Where ML Research Meets Data Science Practice: Markdown Optimization & Uplift Modeling

Tech Blog Catie Grasso

By now, you probably already know the drill. To kick off every year, we host a technical webinar with members of our AI Labs research team in order to hone in on some of the hot ML trends we’ll likely see more of in the coming year. To take that to a new level, this year’s webinar combined the research insights with practical data science projects that back up the trends. To make the webinar content more digestible after the fact, we’ve broken up the transcription into a blog series so it’s more accessible as you drill into specific topics. We have already tackled model changes, data, drift, and anomaly detection as well as learning with small data, so up next is a summary of retail markdown optimization and uplift modeling. Enjoy!

Reda Affane:

What I want to do now is, given that you have a solution to every one of my questions, I'm going to just take this opportunity to ask you another question which is related to a completely different subject which I chose because I know you really fond of, and it touches on a theoretical backbone, which you're really fond of, which is I can spoil it now, which is called causal inference.

I know we did this project recently with an online retailer and the goal was to optimize online revenue in a specific way, which I'm going to show you in a minute. Along the way, we were feeling that this is a subject which touches a lot on causal inference. We're trying to assess the effect of a cause on a specific outcome. I was wondering how that theoretical backbone can complement what we've been doing so far. 

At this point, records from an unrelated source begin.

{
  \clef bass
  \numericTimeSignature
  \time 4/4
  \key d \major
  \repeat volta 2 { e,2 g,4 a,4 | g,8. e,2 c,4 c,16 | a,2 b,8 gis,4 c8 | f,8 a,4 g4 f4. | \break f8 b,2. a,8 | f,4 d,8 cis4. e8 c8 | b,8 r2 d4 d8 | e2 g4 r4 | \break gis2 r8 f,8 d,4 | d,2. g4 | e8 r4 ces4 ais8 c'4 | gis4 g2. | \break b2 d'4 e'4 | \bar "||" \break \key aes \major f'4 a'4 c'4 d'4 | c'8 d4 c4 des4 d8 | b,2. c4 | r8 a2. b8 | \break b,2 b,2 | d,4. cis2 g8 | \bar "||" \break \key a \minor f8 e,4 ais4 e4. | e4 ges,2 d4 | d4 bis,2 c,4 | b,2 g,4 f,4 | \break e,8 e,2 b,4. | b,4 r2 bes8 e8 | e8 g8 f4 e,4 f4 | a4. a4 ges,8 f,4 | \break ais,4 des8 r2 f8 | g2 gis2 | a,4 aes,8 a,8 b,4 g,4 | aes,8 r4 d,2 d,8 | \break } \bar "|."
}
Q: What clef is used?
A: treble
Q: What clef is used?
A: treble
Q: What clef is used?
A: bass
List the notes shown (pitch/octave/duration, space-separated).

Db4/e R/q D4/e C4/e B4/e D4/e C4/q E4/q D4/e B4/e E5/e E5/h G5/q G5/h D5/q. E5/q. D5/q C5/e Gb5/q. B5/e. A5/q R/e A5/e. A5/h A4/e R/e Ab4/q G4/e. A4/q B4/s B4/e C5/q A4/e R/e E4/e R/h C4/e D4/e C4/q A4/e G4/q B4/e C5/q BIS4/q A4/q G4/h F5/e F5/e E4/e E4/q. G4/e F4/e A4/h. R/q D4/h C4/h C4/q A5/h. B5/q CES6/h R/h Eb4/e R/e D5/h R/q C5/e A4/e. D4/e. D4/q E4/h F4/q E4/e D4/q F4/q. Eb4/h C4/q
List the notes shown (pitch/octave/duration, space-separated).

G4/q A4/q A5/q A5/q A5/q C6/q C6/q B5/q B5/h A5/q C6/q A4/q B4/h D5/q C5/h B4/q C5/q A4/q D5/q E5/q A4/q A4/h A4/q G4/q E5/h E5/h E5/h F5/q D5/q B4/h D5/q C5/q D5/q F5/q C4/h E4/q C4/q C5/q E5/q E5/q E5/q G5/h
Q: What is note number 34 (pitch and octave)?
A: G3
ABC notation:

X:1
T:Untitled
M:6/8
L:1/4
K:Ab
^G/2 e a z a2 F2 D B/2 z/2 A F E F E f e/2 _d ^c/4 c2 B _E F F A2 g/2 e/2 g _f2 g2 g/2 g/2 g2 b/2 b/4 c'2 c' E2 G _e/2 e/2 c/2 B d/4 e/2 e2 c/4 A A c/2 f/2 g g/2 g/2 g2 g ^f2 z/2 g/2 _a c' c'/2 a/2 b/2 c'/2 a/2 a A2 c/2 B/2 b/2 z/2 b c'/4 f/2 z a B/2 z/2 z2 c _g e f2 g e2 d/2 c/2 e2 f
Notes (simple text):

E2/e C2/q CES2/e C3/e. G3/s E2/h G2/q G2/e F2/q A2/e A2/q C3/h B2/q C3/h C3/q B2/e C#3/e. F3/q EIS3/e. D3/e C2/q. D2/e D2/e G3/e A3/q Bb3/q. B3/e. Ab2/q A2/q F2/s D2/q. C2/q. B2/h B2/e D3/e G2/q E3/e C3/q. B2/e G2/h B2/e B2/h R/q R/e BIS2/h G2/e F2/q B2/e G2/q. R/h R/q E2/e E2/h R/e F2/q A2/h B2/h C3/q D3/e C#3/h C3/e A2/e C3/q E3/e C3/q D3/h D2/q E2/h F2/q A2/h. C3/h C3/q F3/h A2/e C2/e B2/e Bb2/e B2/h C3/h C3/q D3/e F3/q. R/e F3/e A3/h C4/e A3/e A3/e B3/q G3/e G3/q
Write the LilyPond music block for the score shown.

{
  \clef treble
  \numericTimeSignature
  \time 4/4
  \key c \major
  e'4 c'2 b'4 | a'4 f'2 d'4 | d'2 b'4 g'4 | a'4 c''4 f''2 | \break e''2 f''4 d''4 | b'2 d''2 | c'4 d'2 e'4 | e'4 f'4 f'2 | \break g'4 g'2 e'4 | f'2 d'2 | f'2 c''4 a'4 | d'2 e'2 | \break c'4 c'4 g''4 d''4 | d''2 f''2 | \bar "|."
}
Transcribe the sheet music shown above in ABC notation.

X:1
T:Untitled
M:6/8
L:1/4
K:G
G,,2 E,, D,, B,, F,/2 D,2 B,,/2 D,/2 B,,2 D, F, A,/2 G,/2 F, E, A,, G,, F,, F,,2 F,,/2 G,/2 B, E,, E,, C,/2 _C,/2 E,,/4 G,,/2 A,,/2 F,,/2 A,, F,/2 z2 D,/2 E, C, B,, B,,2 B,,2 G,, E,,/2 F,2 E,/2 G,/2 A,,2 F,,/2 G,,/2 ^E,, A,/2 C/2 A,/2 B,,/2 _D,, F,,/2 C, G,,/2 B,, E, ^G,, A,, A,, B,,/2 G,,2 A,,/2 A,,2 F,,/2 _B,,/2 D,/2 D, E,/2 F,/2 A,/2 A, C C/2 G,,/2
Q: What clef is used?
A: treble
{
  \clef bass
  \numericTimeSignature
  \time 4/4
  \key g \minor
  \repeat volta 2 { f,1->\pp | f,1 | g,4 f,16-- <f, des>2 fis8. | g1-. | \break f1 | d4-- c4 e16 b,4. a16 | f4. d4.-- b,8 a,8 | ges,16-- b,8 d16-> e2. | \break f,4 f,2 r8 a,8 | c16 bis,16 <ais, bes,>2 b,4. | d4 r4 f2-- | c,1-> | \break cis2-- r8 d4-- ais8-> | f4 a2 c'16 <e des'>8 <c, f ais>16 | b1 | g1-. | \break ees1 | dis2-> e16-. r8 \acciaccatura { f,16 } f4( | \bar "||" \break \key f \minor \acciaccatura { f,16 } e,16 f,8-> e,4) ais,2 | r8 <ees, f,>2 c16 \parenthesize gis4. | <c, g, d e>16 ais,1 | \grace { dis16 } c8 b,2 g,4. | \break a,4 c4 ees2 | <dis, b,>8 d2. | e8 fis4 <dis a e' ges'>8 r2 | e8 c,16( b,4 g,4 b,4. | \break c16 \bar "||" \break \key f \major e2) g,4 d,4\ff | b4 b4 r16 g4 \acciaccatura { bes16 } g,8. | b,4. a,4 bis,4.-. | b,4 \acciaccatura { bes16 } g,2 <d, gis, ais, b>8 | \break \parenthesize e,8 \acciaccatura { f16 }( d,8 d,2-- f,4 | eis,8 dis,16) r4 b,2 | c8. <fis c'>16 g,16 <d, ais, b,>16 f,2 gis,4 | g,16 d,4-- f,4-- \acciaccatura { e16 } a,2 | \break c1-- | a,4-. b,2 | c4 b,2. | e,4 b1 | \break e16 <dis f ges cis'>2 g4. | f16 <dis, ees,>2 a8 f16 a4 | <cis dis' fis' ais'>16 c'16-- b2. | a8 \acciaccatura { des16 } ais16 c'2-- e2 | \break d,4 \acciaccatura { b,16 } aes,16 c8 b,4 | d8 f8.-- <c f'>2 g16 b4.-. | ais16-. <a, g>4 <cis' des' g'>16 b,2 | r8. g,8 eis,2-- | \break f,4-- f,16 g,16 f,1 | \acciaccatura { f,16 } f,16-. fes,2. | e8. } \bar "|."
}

Like I said, this was an online retailer. The overall context was that this retailer is used to applying discounts on products. The question or the use case that I'm presenting to you now is what specific level of discounts should I apply to every product in my product catalog so as to maximize a margin, so as to maximize my revenue? Actually, the project is bigger than this because you have two questions. The first question is which products do I need to discount? And then based on those products, what's the level of discount that I should apply? 

Discounts Drive Sales (When Applied Wisely)

In this presentation, I'm only going to focus on the second point, which is what's the level of discount I need to apply on my products? As you can see, this is a very important question, because if you imagine there's a theoretical optimal discount, if you discount your product lower than that optimal discount threshold, then your product will not be discounted very much. Which means it's going to be expensive, which means customers will not buy it. This is what we call a sell opportunity loss.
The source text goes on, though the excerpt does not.